Though the book was rather predictable in places, The Other Side of the Island was surprisingly good. It was suspenseful with some nicely original aspects. The characters were relatable, and there were some quite cool notions about weather and religion. “Earth Mother” combined God and Mother Nature, and the religion was centered around her. Scientists had found a way to control the weather, so that Unpredictability could be avoided whenever possible.

I liked this book a lot, it was a pretty quick read—not too hard, along the same lines as a lot of other science fiction/distopia sort of novels, but with some parts that were truly new and quite interesting.

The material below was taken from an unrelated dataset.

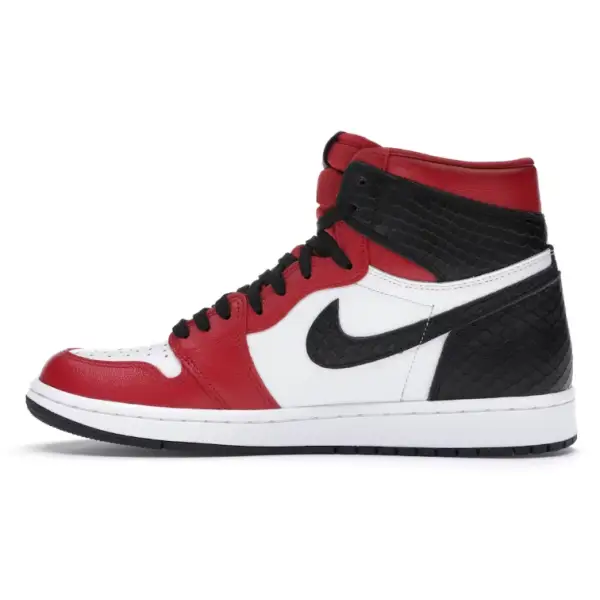 Air Jordan Wmns 1 High Og Snake Satin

I would give it four out of five ridiculously evil and futuristic daggers! Twas a Very Good book, edging on great.



Bowing down to Earth Mother,

Briar

P.S – How coincidental that my name works! Awesome!

10 comments:

Ink Mage said...

Hmm, sounds interesting. I think yours is the first review I've read of this!

Gabriel Gethin said...

This book sounds intriguing. Are these controlled islands supposed to be utopias too? I get a strange utopian vibe from the summary of the book. Am I on to something or just a little more than less than insane?

Briar K. said...

Well, though I have no doubt that you're a a little more than less than insane, Gabriel ( :) ), yes, the book is about a utopian society. Or rather, distopian. Perhaps I chould have made that clearer.

Em said...

I read this for the Cybils and found it to be a little scary...distopian novels always give me the chills. :)

Gabriel Gethin said...

The thing that I find amusing about utopian and distopian novels is that they are one and the same. Since humans are imperfect, no utopian societies can exist. All novels that I have ever read about utopias end up turning into distopias.

Briar K. said...

True Gabriel-- but who knows? It would be no fun to write a novel about a perfect society, because for it to be perfect there would be no problems, and then the book would be boring.

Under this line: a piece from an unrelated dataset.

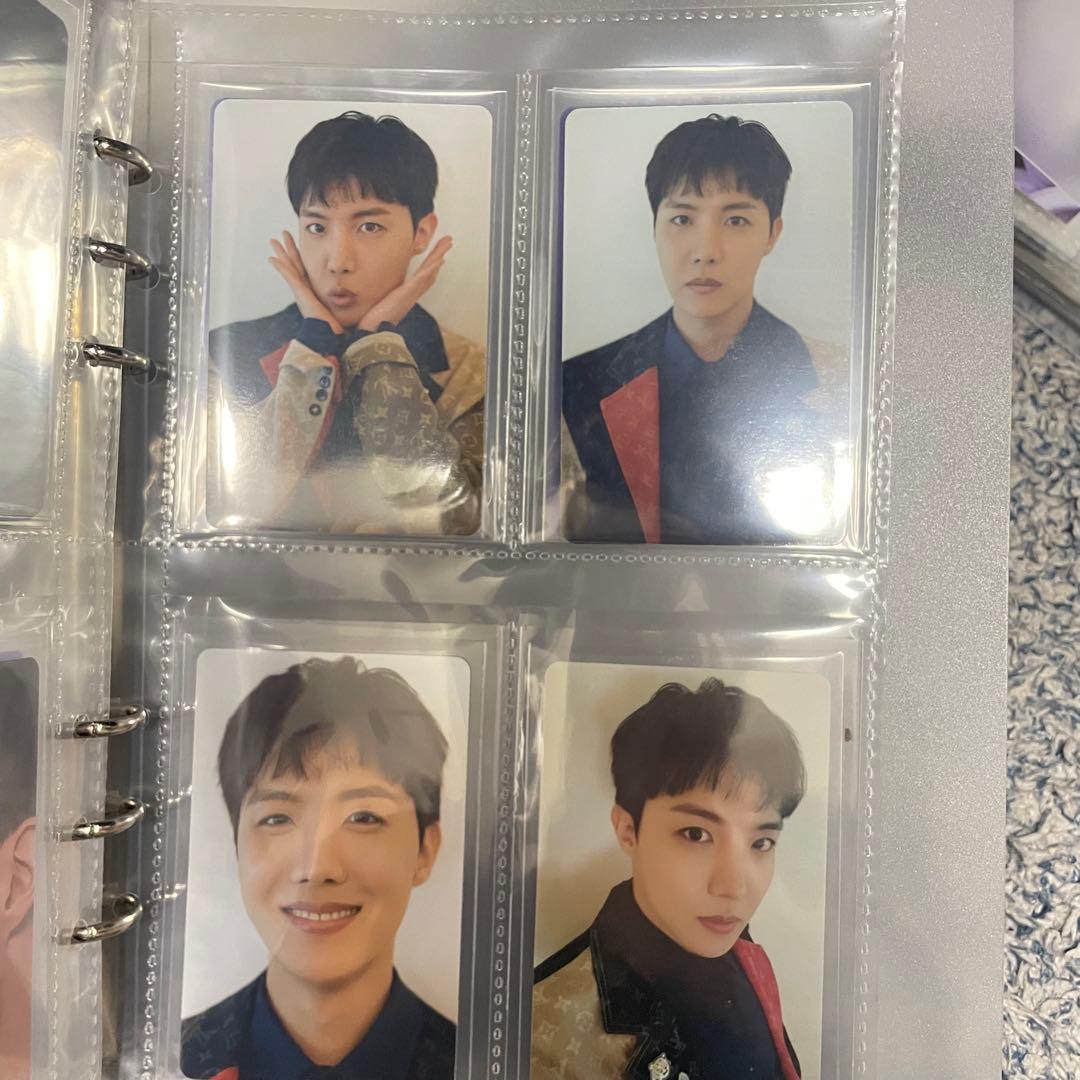 J-HOPE トレカ まとめ売り66枚(ばら売り可)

However, I'd have to agree with you. A utopia could never happen because humans are imperfect, but maybe these distopia novels show us different ways of exploiting flaws, in the endless journey to make us MORE perfect....

well, I tried.

Gabriel Gethin said...

You're right. A book about a perfect society wouldn't be a book at all! Part of a book is the conflict. Without conflict, there are no protagonists or antagonists. There is no rising action, no climax, no resolution if there is no conflict. Therefore, it is impossible for us to write a book about a utopian society alone. We can write books about utopias that turn bad, but not about true utopias.

Briar K. said...

Well, yes. the very nature of utopias makes it so we have nothing to write about WHich makes me question if a perfect world would be very fun to live in at all. Yes you'd be happy all the time, but if you're happy ALL the time, with no bad times to compare it to, are you really happy? Is happy the physical and emotion feeling of feeling good, or is it the difference between the low times? And if we lived in a utopian society, there could be no books about it, so there'd be no books....

Gabriel Gethin said...

Have you ever read the Giver? In that book, the author questions whether or not happiness can be found in a utopian society. In the utopian society of the Giver, there is no sadness, no pain, no suffering, but there is also no happiness. The main message of the book is that without evil, there is no good, without hate, there is no love, without sadness, there is no happiness, and so on. It doesn't apply only to happiness and sadness, it applies to all opposites. Happiness is only relative. You cannot feel happiness without also feeling sadness at another time, otherwise there would be no way for us to distinguish between the two.

KATE COOMBS said...

Thanks for the review! Actually, I came in here to tell you that I'm bestowing a Butterfly Award on your site. Naturally, I felt compelled to make up my own subcategories--yours won for Best Masthead Art.